### THE DATA
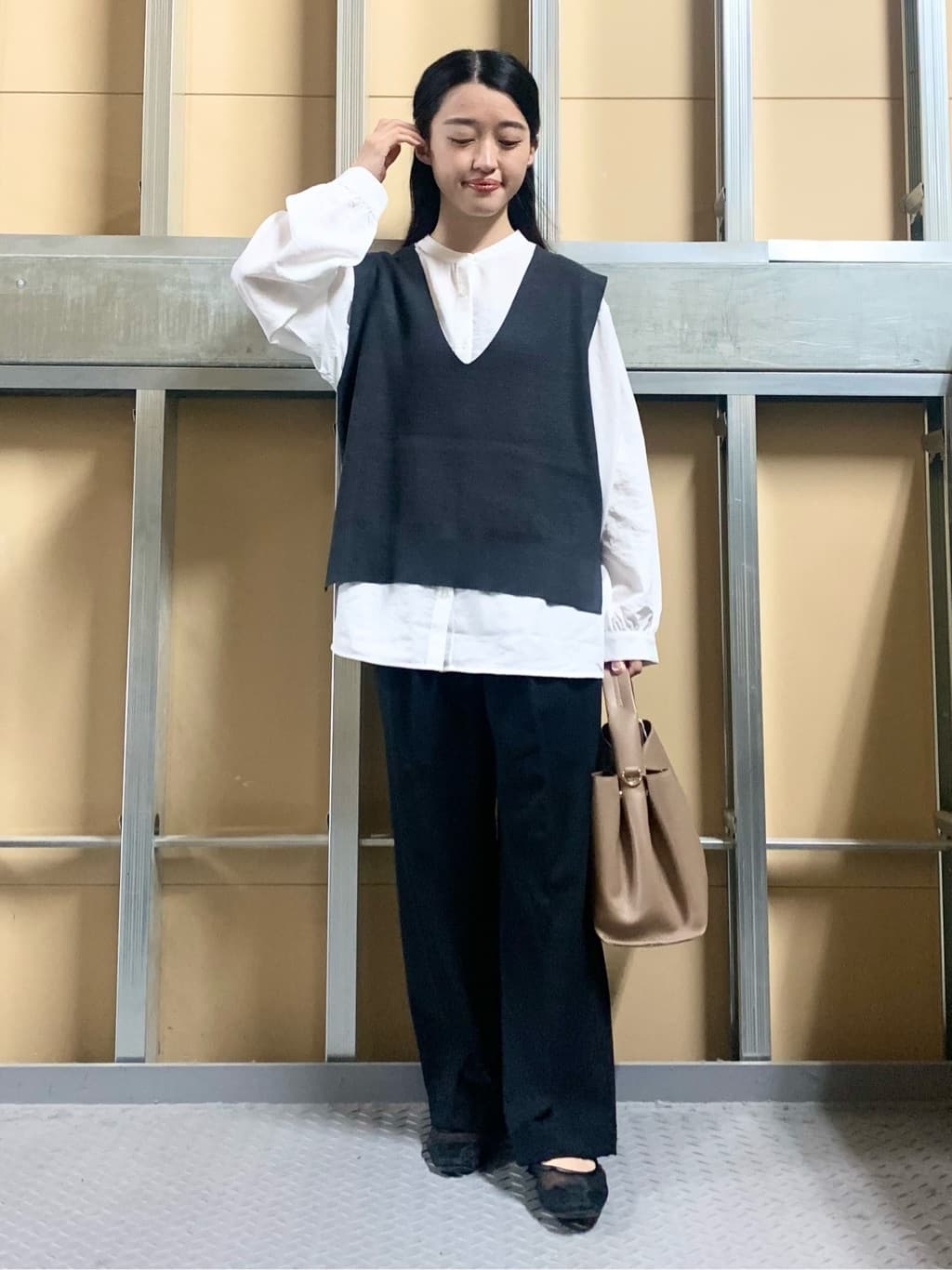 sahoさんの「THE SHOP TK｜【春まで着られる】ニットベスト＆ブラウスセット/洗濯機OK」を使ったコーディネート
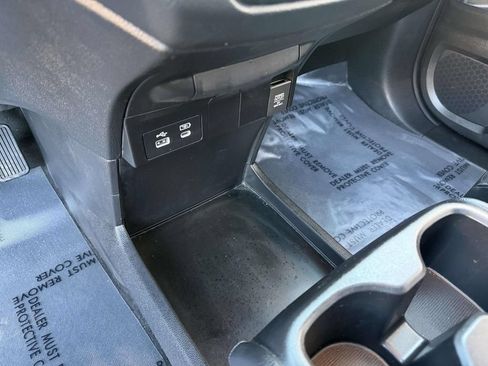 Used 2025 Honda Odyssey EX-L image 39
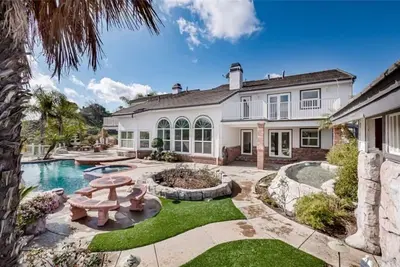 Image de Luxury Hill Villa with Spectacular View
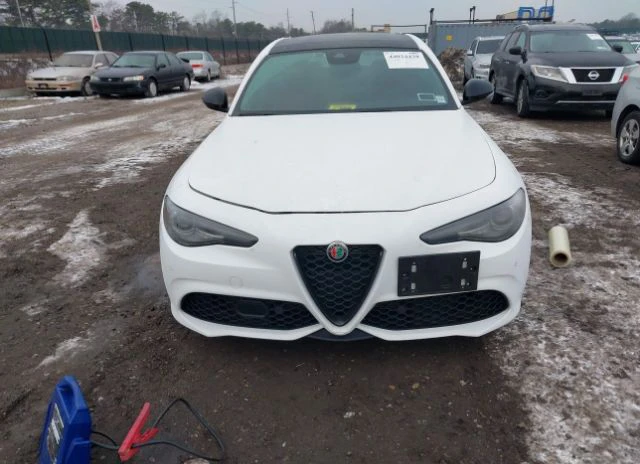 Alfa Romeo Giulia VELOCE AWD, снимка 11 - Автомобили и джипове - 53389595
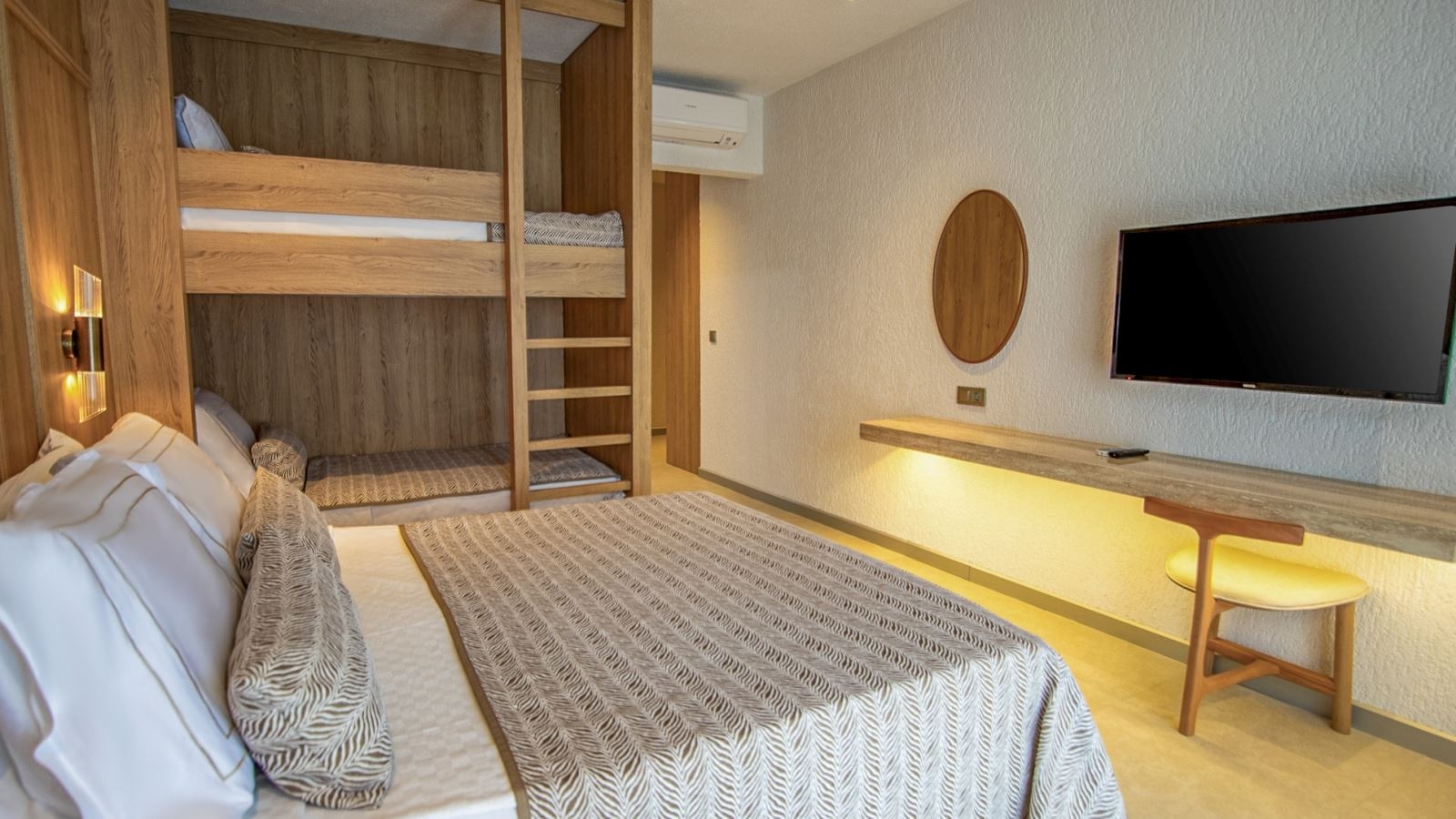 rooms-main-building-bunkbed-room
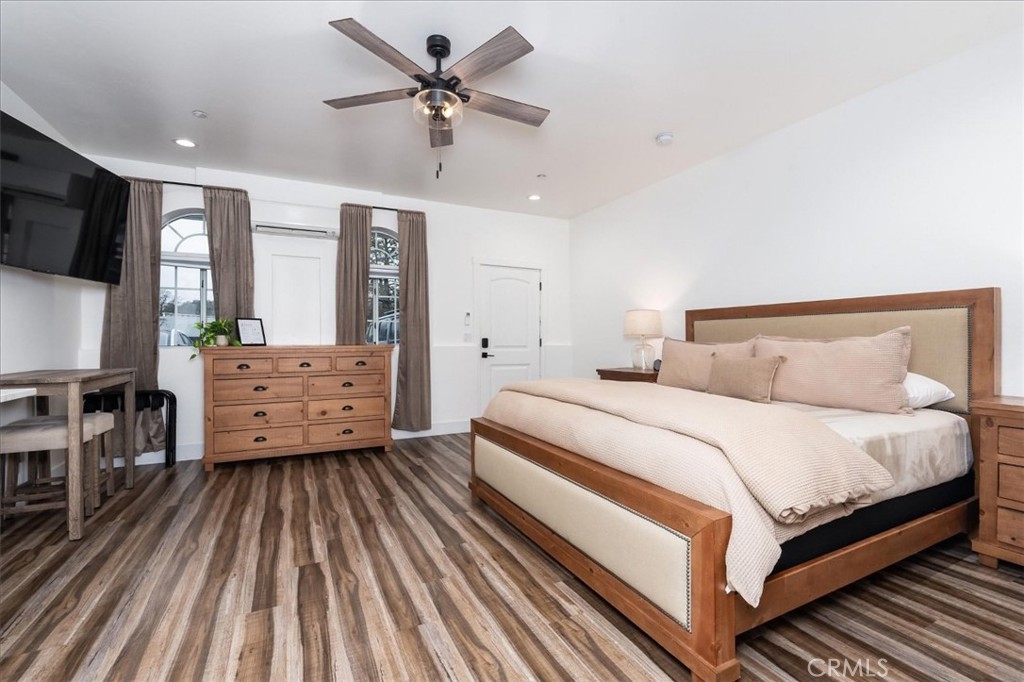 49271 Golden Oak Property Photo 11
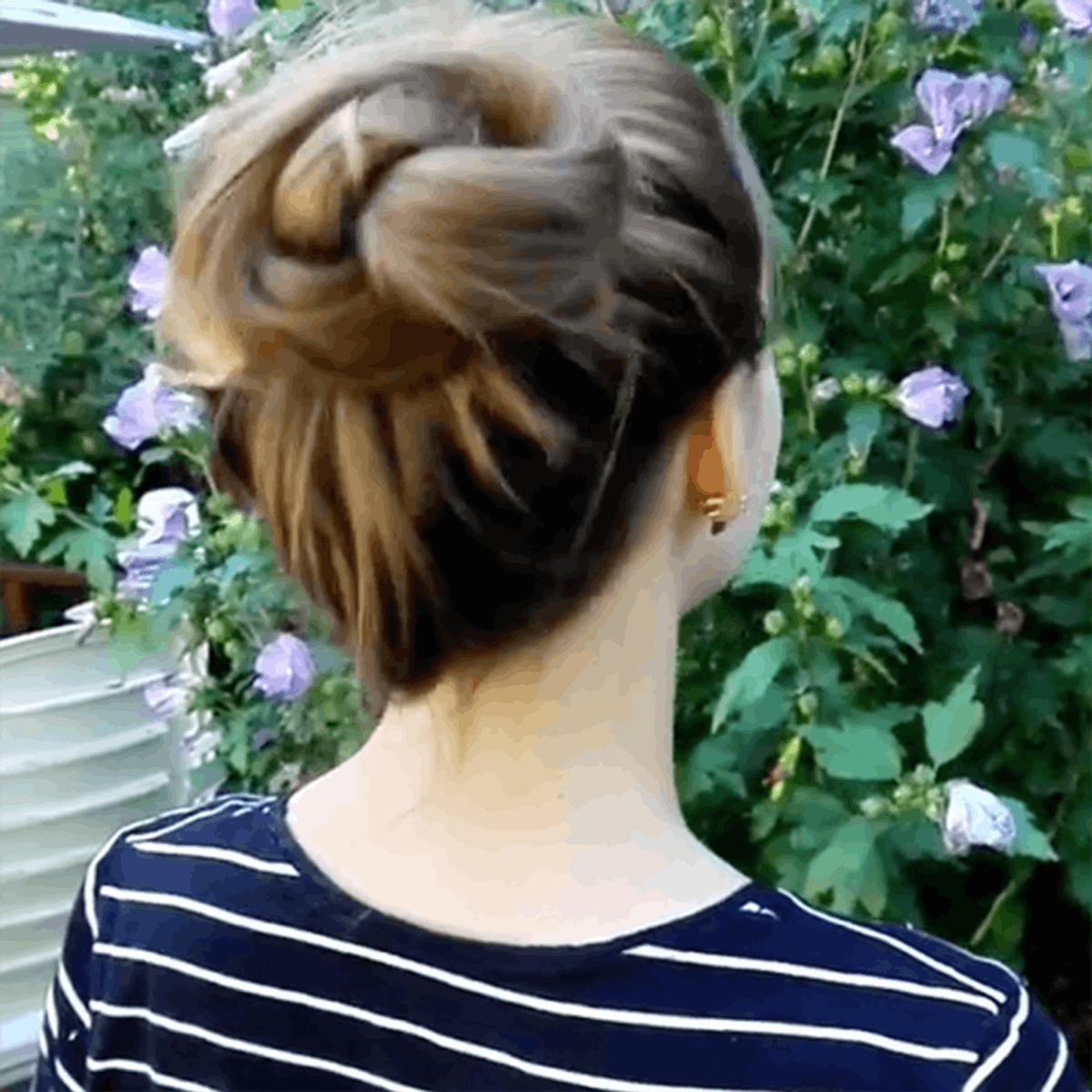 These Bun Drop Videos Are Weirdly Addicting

### TASK GOAL
All records are to be reproduced exactly; the pictures are to be omitted.

### OUTPUT OF THE EXERCISE
 sahoさんの「THE SHOP TK｜【春まで着られる】ニットベスト＆ブラウスセット/洗濯機OK」を使ったコーディネート
 Used 2025 Honda Odyssey EX-L image 39
 Image de Luxury Hill Villa with Spectacular View
 Alfa Romeo Giulia VELOCE AWD, снимка 11 - Автомобили и джипове - 53389595
 rooms-main-building-bunkbed-room
 49271 Golden Oak Property Photo 11
 These Bun Drop Videos Are Weirdly Addicting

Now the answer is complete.